• Recorded data:
=== Begin Enclosure ===
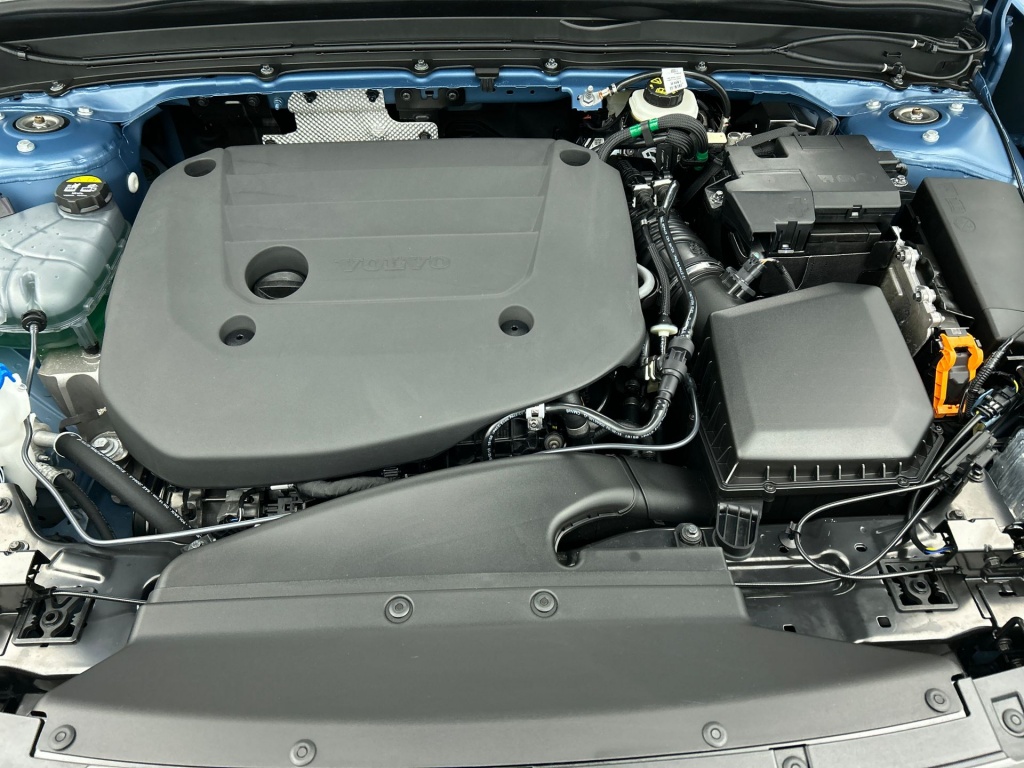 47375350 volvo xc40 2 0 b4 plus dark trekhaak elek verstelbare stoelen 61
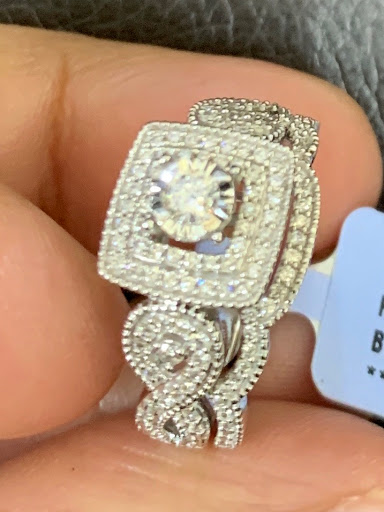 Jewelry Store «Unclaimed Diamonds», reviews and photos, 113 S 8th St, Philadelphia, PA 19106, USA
=== End Enclosure ===
=== Begin Enclosure ===
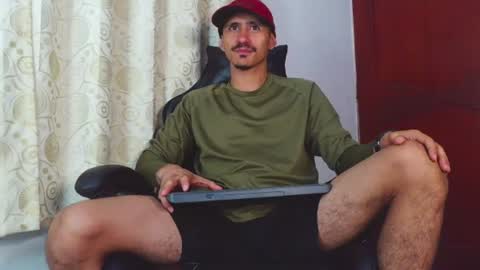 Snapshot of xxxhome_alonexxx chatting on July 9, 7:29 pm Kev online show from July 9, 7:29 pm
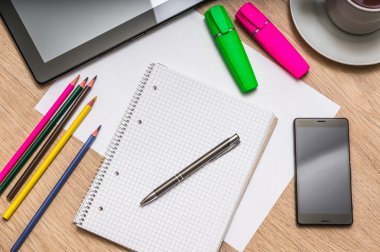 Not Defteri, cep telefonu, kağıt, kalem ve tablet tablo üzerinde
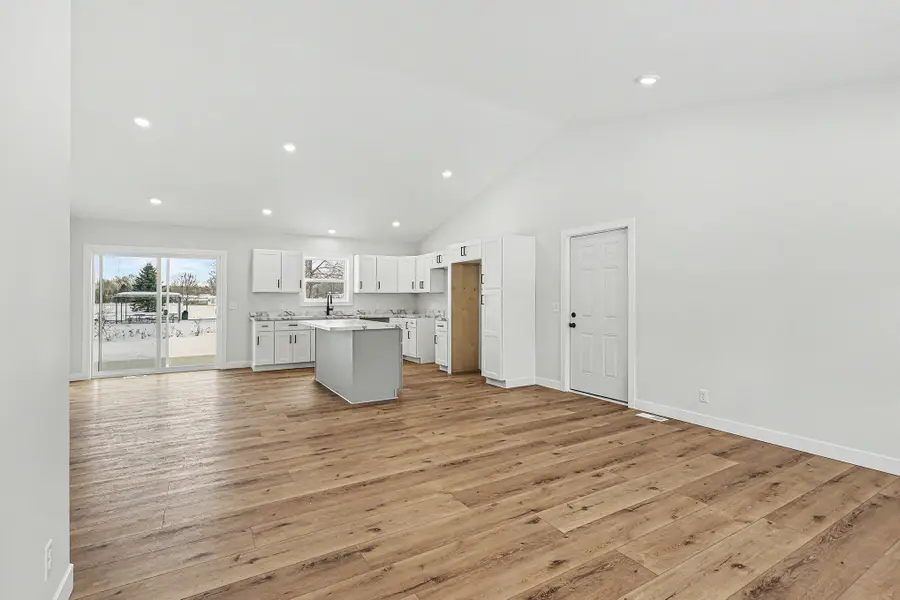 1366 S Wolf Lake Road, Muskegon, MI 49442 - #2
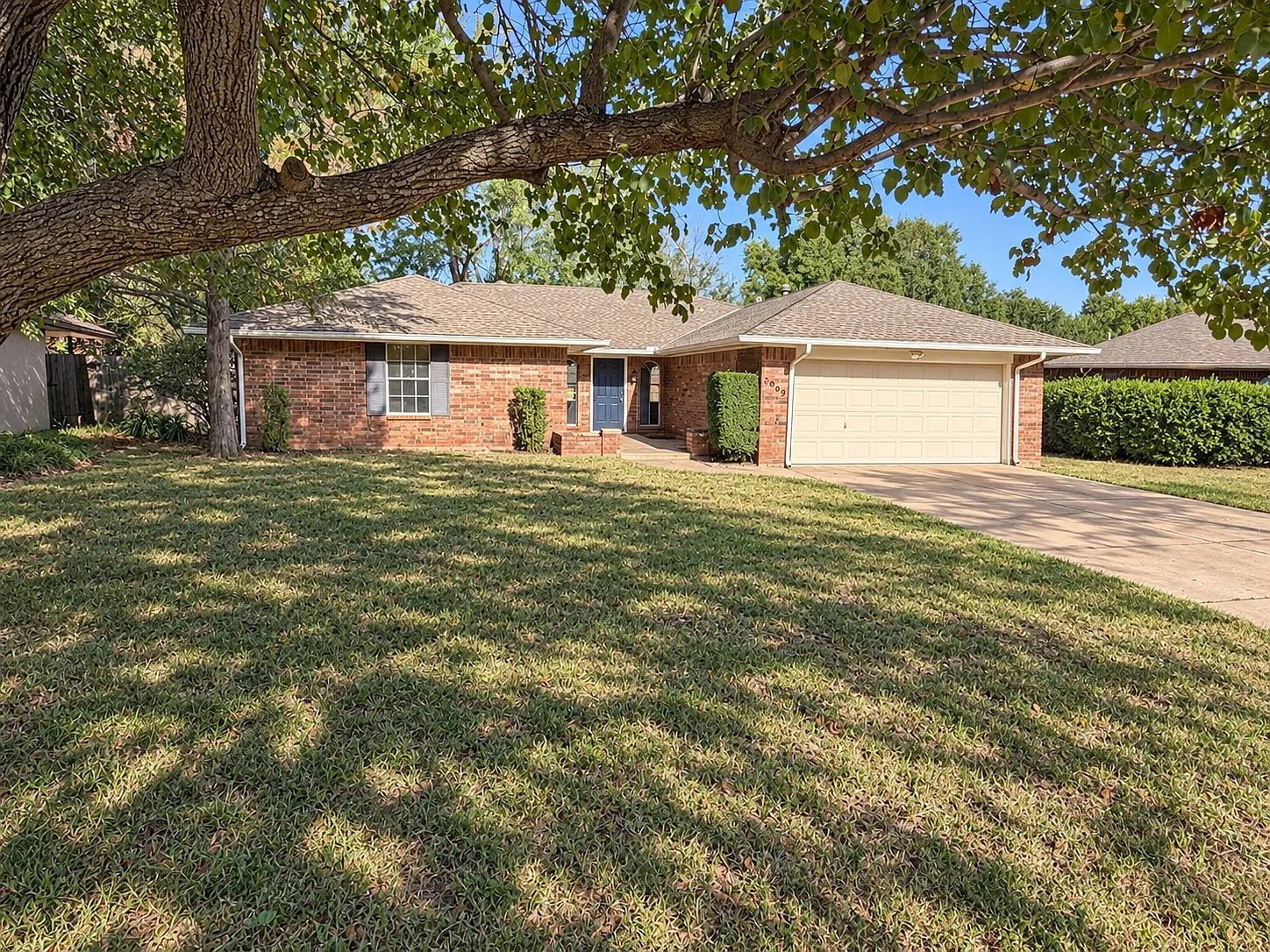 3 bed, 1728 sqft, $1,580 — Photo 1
=== End Enclosure ===
• Your task: Within the listing above, write out the stretch from the line with "Not Defteri, cep" through the line with "3 bed, 1728 sqft, $1,580 — Photo 1" exactly. Any pictures are to be left out.

• Solution:
 Not Defteri, cep telefonu, kağıt, kalem ve tablet tablo üzerinde
 1366 S Wolf Lake Road, Muskegon, MI 49442 - #2
 3 bed, 1728 sqft, $1,580 — Photo 1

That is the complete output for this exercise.